→ Exercise
Each record below should be reproduced as it is written, with pictures left out entirely.
[Data for the task — start]
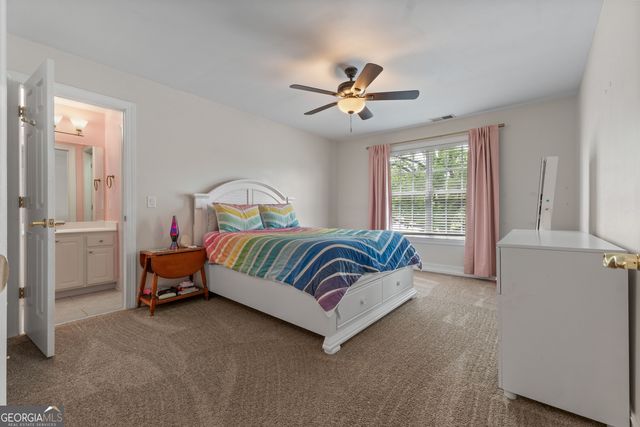 112 Turnberry Circle, Carrollton, GA 30116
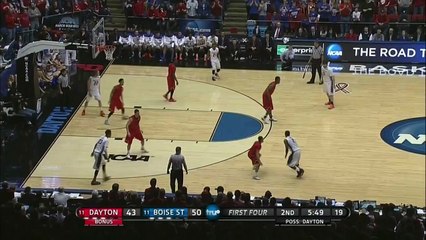 NCAA - Dyshawn Pierre perd son short en plein match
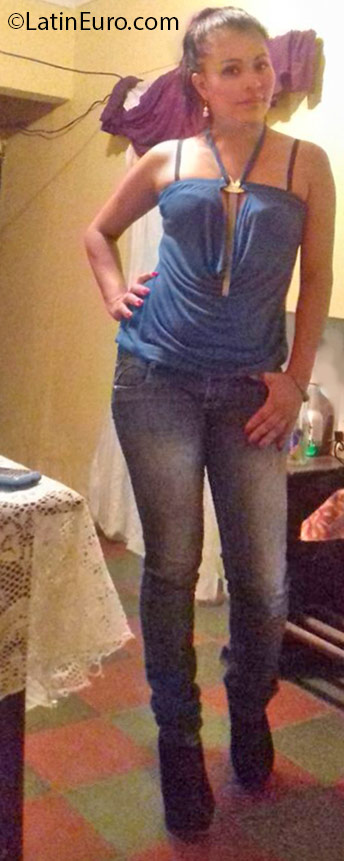 Date this passionate Honduras girl Adia from Siguatepeque HN2048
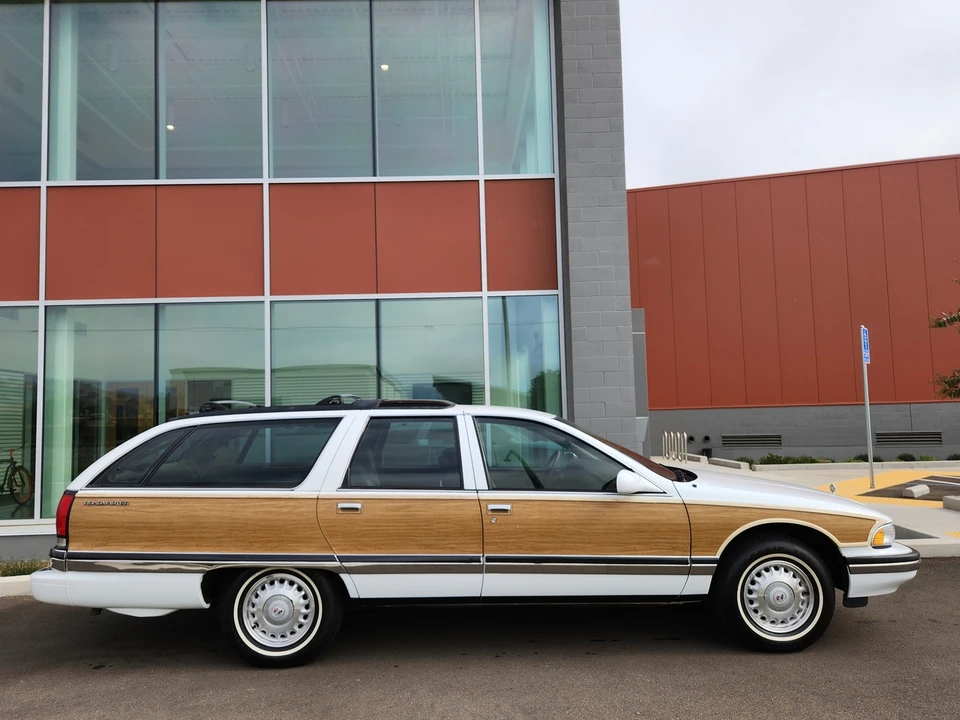 1996 Buick Roadmaster - Image 13 of 31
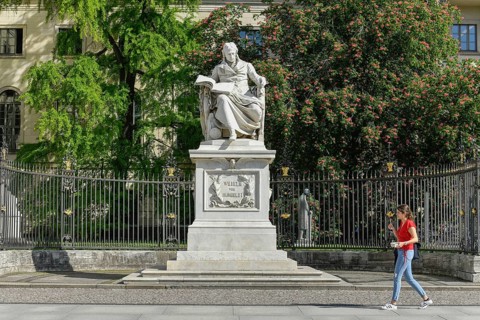Statue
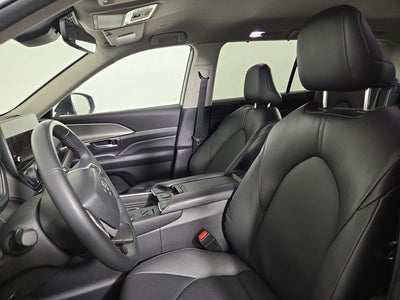 2025 Toyota Grand Highlander XLE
[Data for the task — finish]
→ Output for this exercise
 112 Turnberry Circle, Carrollton, GA 30116
 NCAA - Dyshawn Pierre perd son short en plein match
 Date this passionate Honduras girl Adia from Siguatepeque HN2048
 1996 Buick Roadmaster - Image 13 of 31
Statue
 2025 Toyota Grand Highlander XLE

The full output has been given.